Once that is done, your inside window casing should cover the gap area and your done.
Hope this helps.


----------



## jogr (Jul 24, 2007)

Mark, you totally forgot the most important part - flashing the exterior.

Gone fishing, your window manufacturer will have detailed instructions on how they want you to flash the windows. Follow those instructions carefully if you want them to stand behind their warranty. Most window manufacturers have a website from which you can easily download the installation instrutions.


----------



## Clutchcargo (Mar 31, 2007)

http://www.na.graceconstruction.com/custom/flashings/downloads/26324_Guide-B.pdf


----------



## Mark Harvey (Apr 20, 2009)

Jogr,
You're


----------



## gone_fishing (Jan 5, 2008)

I know how the flash the window...thanks for the guide though...very good reference.
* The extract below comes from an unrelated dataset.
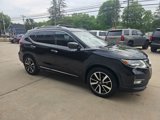 Used 2018 Nissan Rogue SL w/ Premium Package image 2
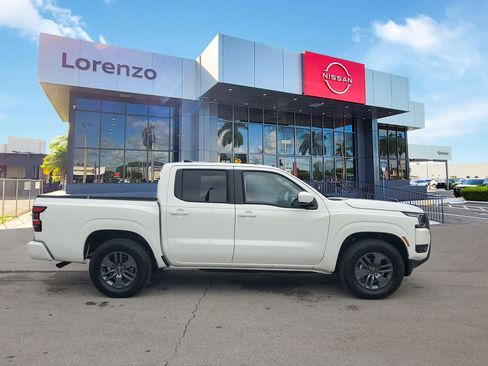 Used 2025 Nissan Frontier SV image 4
The sheathing and studs are water damaged and have mold on them. On the exterior of the current sheathing there is rigid foam before the siding. My question was should I put tar paper over the plywood sheathing and/or over the foam. Next question, when I go to install the window do I nail right through the rigid foam or put a strip of 1x3 around the opening as a nailer?


----------



## Tom Struble (Dec 29, 2008)

i would definatly put the paper over the ply,then either tape the seams of the foam or put a housewrap over it
you can nail the window over the foam


----------



## Clutchcargo (Mar 31, 2007)

Put plywood around the opening so that you have something solid to nail the window to. Then butt the foam right up next to the plywood. Of coarse the plywood (or whatever nailer you use) needs to be the same thickness as the foam. Don't nail the window to the foam board. You may want the nailer a little wider if you're putting up trim after the window install.


----------



## jomama45 (Nov 13, 2008)

tomstruble said:


> i would definatly put the paper over the ply,then either tape the seams of the foam or put a housewrap over it
> you can nail the window over the foam


 
Right on Tom, & I would add to the OP that I would suggest foil faced foam, as it's easier to tape seams on. New const. windows are installed over foam on new homes all the time w/o issue.


----------



## gone_fishing (Jan 5, 2008)

Update...I ended up putting plywood, tar paper with 6" overlap, foam board, tyvek with taped seams. I used 1/2" plywood around the window as a nail strip. Almost everything went smooth. I rushed my nailer cuts so I needed to trim them back so I could install the window. Pictures to come soon.


----------



## gone_fishing (Jan 5, 2008)




----------